What to do:
Print, exactly and without pictures, the lines from the one where "ウイスキー ロイヤルサルート 21年 赤 陶器ボトル" appears down to the end of the entries.

┄┄┄┄┄┄

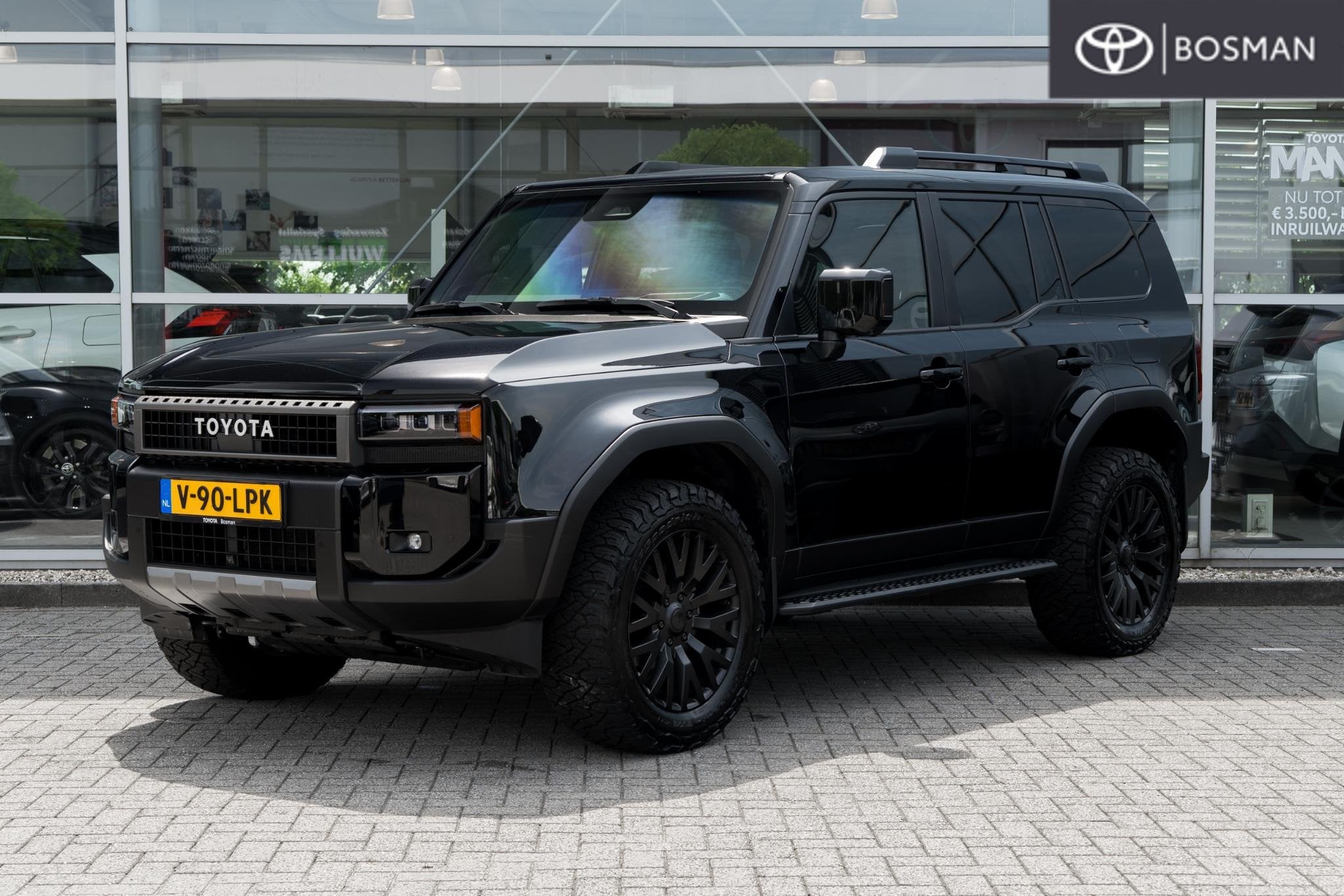 Toyota Land Cruiser 2.8 D-4D Blind Van Navigator, Auto's, Toyota, Bedrijf, Te koop, Landcruiser, 360° camera, 4x4, ABS, Achteruitrijcamera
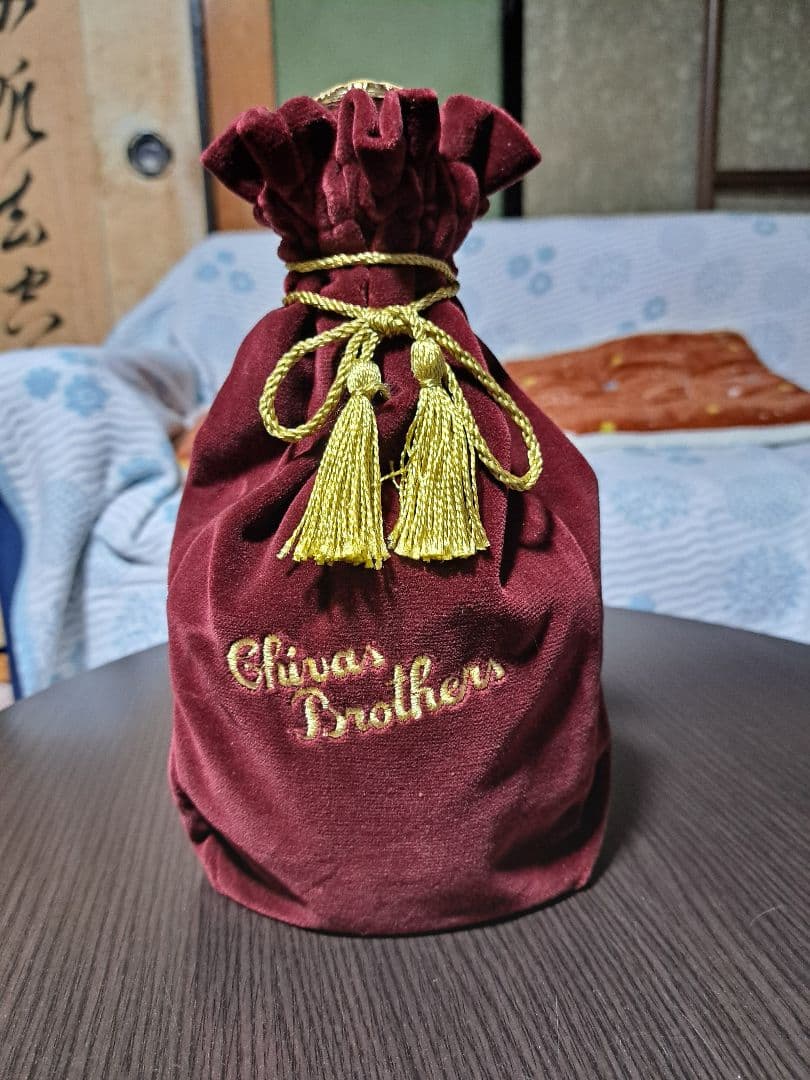 ウイスキー ロイヤルサルート 21年 赤 陶器ボトル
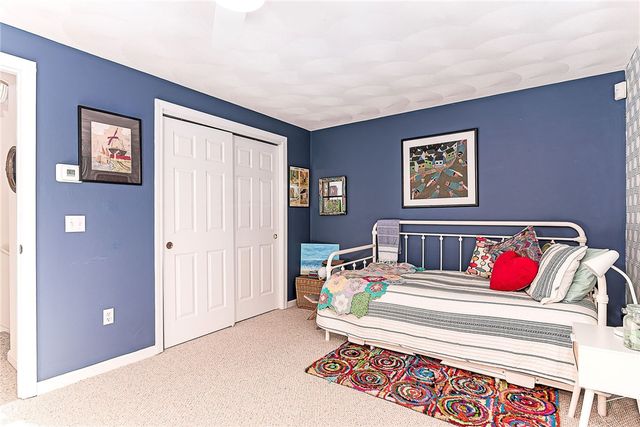 5 Shadberry Trail, South Kingstown, RI 02879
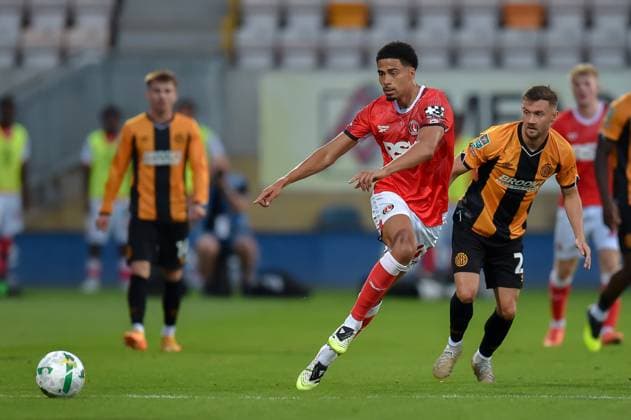 Cambridge United v Charlton Athletic Carabao Cup Harvey Knibbs of Charlton Athletic during the Carabao Cup Second Round match at the Cledara Abbey Stadium, Cambridge UK Newspapers OUT Copyright: xMartynxHaworthx FIL-22145-0153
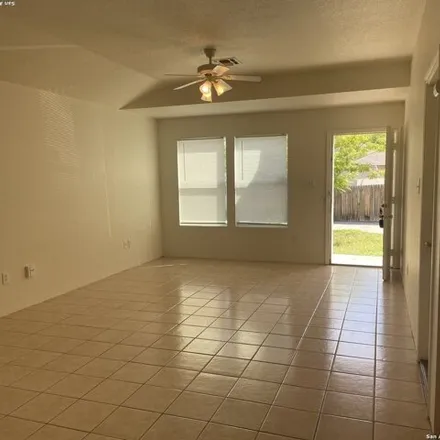 Image 5 - 4443 Naco Perrin Boulevard, San Antonio, TX 78233, USA - Apartment for rent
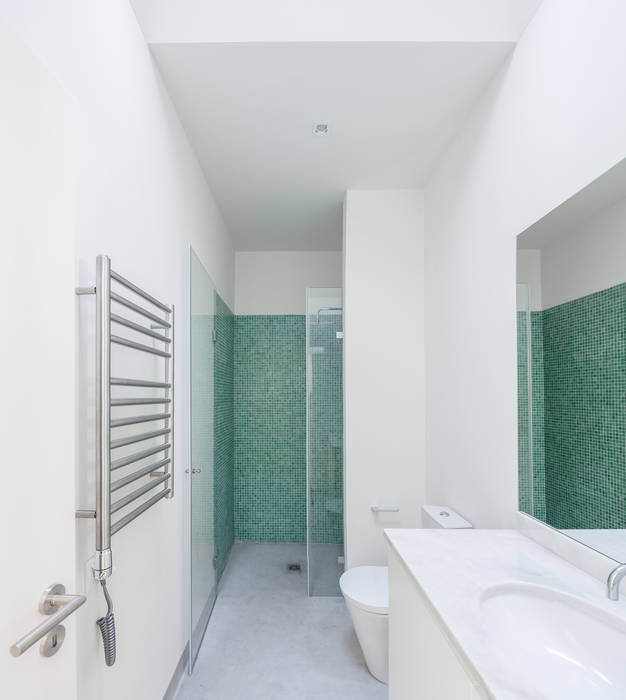 Moradia de fachada estreita mas com 230 M² , Colectivo Cais Colectivo Cais Baños de estilo minimalista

┄┄┄┄┄┄

Output for this exercise:
 ウイスキー ロイヤルサルート 21年 赤 陶器ボトル
 5 Shadberry Trail, South Kingstown, RI 02879
 Cambridge United v Charlton Athletic Carabao Cup Harvey Knibbs of Charlton Athletic during the Carabao Cup Second Round match at the Cledara Abbey Stadium, Cambridge UK Newspapers OUT Copyright: xMartynxHaworthx FIL-22145-0153
 Image 5 - 4443 Naco Perrin Boulevard, San Antonio, TX 78233, USA - Apartment for rent
 Moradia de fachada estreita mas com 230 M² , Colectivo Cais Colectivo Cais Baños de estilo minimalista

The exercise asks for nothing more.